Aim of the exercise →
From the data below, repeat exactly the lines from the line with "181 Skyland Dr, Clinton, SC" to the line with "A breakfast setting", both included.

Data shown →
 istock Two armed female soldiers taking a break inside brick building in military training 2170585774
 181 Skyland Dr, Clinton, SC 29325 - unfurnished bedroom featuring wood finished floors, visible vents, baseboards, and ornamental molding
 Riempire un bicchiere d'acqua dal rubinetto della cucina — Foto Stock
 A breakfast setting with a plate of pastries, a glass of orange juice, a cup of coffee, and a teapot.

* * *

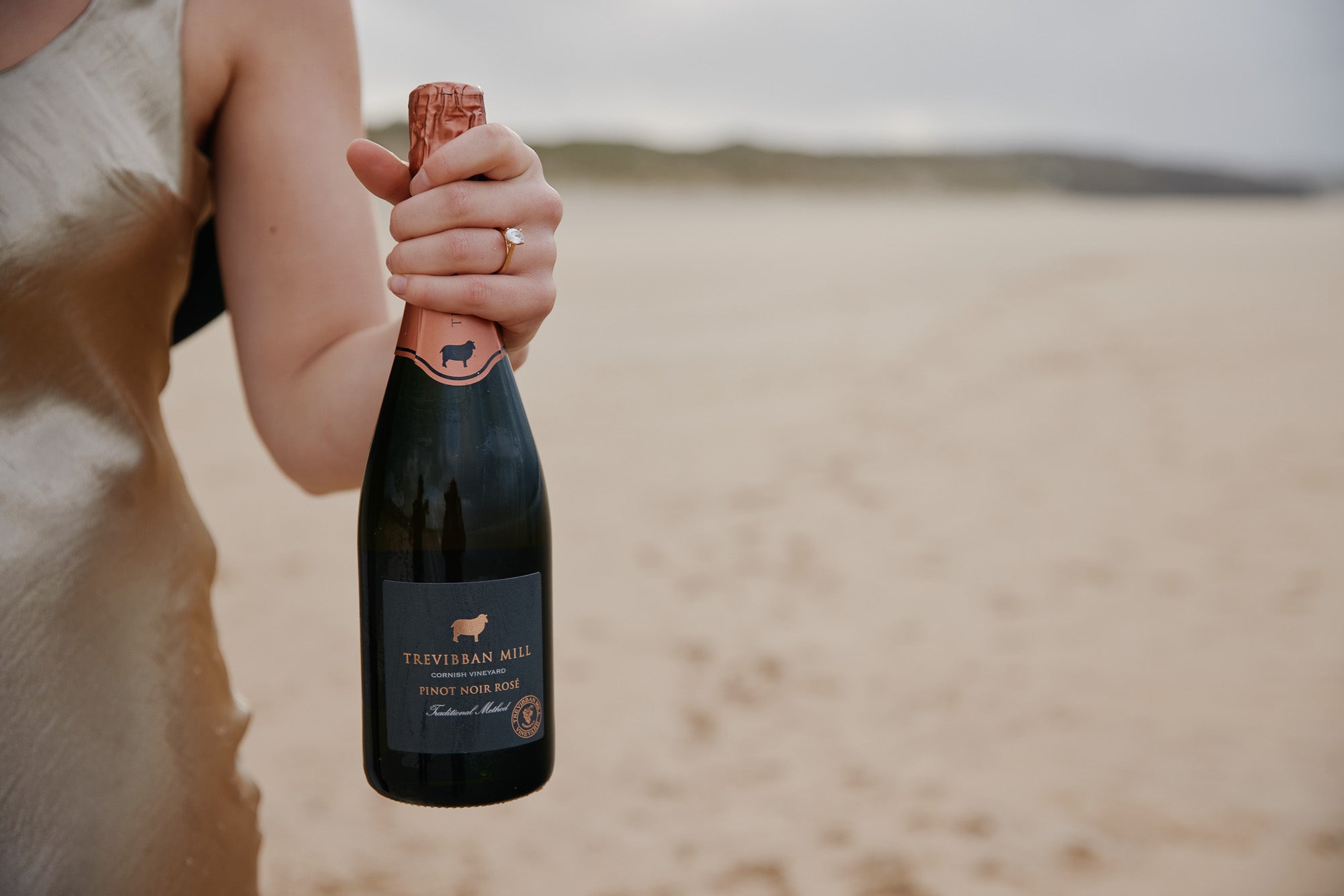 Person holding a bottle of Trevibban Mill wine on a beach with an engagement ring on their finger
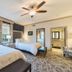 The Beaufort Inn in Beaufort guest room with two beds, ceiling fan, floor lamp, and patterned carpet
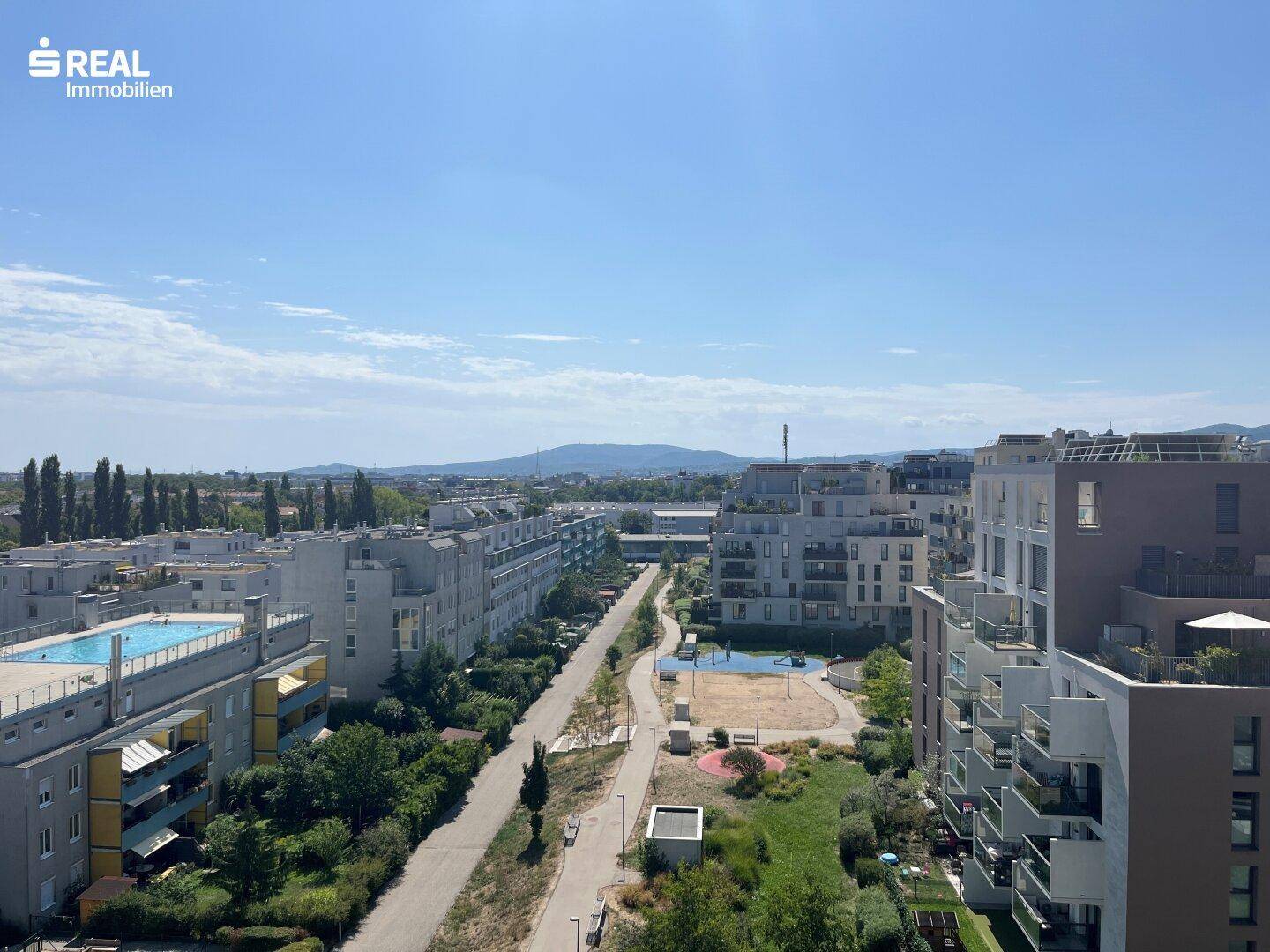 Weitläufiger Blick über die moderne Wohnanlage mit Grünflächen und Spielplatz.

Your response →
 181 Skyland Dr, Clinton, SC 29325 - unfurnished bedroom featuring wood finished floors, visible vents, baseboards, and ornamental molding
 Riempire un bicchiere d'acqua dal rubinetto della cucina — Foto Stock
 A breakfast setting with a plate of pastries, a glass of orange juice, a cup of coffee, and a teapot.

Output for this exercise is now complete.